Exercise
Each line from the one that contains "Oriental Lilies" to the end of the material must be quoted exactly; include both end lines and nothing else.

Input material
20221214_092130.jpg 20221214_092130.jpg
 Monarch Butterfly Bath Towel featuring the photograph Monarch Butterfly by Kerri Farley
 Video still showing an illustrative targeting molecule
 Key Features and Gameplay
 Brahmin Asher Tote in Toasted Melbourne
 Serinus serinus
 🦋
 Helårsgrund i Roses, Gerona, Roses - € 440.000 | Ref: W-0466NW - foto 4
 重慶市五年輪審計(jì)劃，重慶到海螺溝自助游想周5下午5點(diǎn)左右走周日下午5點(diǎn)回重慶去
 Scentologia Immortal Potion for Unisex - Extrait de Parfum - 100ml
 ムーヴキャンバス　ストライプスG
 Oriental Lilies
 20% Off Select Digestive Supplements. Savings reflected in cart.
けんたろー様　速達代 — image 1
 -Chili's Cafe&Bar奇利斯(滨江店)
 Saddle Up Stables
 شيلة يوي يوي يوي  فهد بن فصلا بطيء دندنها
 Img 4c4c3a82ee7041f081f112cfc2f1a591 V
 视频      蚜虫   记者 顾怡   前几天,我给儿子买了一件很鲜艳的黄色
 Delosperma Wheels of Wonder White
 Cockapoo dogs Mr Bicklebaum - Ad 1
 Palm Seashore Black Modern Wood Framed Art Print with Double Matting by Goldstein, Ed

Exercise answer
 Oriental Lilies
 20% Off Select Digestive Supplements. Savings reflected in cart.
けんたろー様　速達代 — image 1
 -Chili's Cafe&Bar奇利斯(滨江店)
 Saddle Up Stables
 شيلة يوي يوي يوي  فهد بن فصلا بطيء دندنها
 Img 4c4c3a82ee7041f081f112cfc2f1a591 V
 视频      蚜虫   记者 顾怡   前几天,我给儿子买了一件很鲜艳的黄色
 Delosperma Wheels of Wonder White
 Cockapoo dogs Mr Bicklebaum - Ad 1
 Palm Seashore Black Modern Wood Framed Art Print with Double Matting by Goldstein, Ed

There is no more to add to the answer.